From a nationwide prospective cohort, 1,174 incident dialysis patients were included. Patients were categorized into quintiles according to the AIP. An independent association of the AIP with all-cause and cardiovascular mortality was determined.

RESULTS

During a mean follow-up duration of 33.2 months, 170 patients (14.5%) died, and cardiovascular death was observed in 55 patients (4.7%). Multivariate Cox analyses revealed that the lowest (quintile 1, hazard ratio [HR] = 1.76, 95% confidence interval [CI] = 1.02-3.03) and the highest (quintile 5, HR = 2.15, 95% CI = 1.26-3.65) AIP groups were significantly associated with higher all-cause mortality compared to patients in quintile 3 (reference group). In terms of cardiovascular mortality, only the highest AIP group (quintile 5, HR = 2.59, 95% CI = 1.06-6.34) was significantly associated with increased risk of mortality. Sensitivity analyses showed that a U-shaped association between the AIP and all-cause mortality remained significant in non-diabetic and underweight to normal body mass index patients.

CONCLUSIONS

Both the highest and the lowest AIP groups were independently associated with all-cause mortality, showing a U-shaped association. It suggested further studies are needed to identify targets and subgroups that can benefit from intervention of the AIP in incident dialysis patients.

摘要

背景

血浆致动脉粥样硬化指数(AIP)是甘油三酯(TG)与高密度脂蛋白胆固醇(HDL-C)的对数比值,在普通人群中与临床结局呈线性关系。然而,在透析患者中,每种血脂指标(TG和HDL-C)与生存率的关联并不简单。这种非线性关联促使我们进一步研究AIP对这些患者的预后影响。

方法

从一项全国性前瞻性队列研究中纳入了1174例新发病透析患者。根据AIP将患者分为五等份。确定AIP与全因死亡率和心血管死亡率的独立关联。

结果

在平均33.2个月的随访期间,170例患者(14.5%)死亡,55例患者(4.7%)发生心血管死亡。

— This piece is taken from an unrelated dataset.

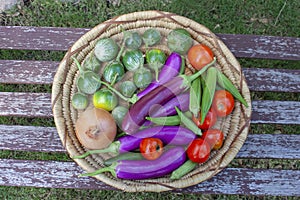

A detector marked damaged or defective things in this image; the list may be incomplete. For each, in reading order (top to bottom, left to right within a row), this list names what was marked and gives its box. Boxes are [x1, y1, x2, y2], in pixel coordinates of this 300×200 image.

peeling paint on wood [0, 26, 300, 60]
peeling paint on wood [1, 159, 298, 196]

多变量Cox分析显示,与第3五分位组(参照组)患者相比,最低(第1五分位组,风险比[HR]=1.76,95%置信区间[CI]=1.02-3.03)和最高(第5五分位组,HR=2.15,95%CI=1.26-3.65)AIP组与更高的全因死亡率显著相关。就心血管死亡率而言,只有最高AIP组(第5五分位组,HR=2.59,95%CI=1.06-6.34)与死亡风险增加显著相关。敏感性分析表明,在非糖尿病且体重指数正常至超重的患者中,AIP与全因死亡率之间的U型关联仍然显著。

结论

最高和最低AIP组均与全因死亡率独立相关,呈U型关联。这表明需要进一步研究以确定可从新发病透析患者的AIP干预中获益的目标和亚组。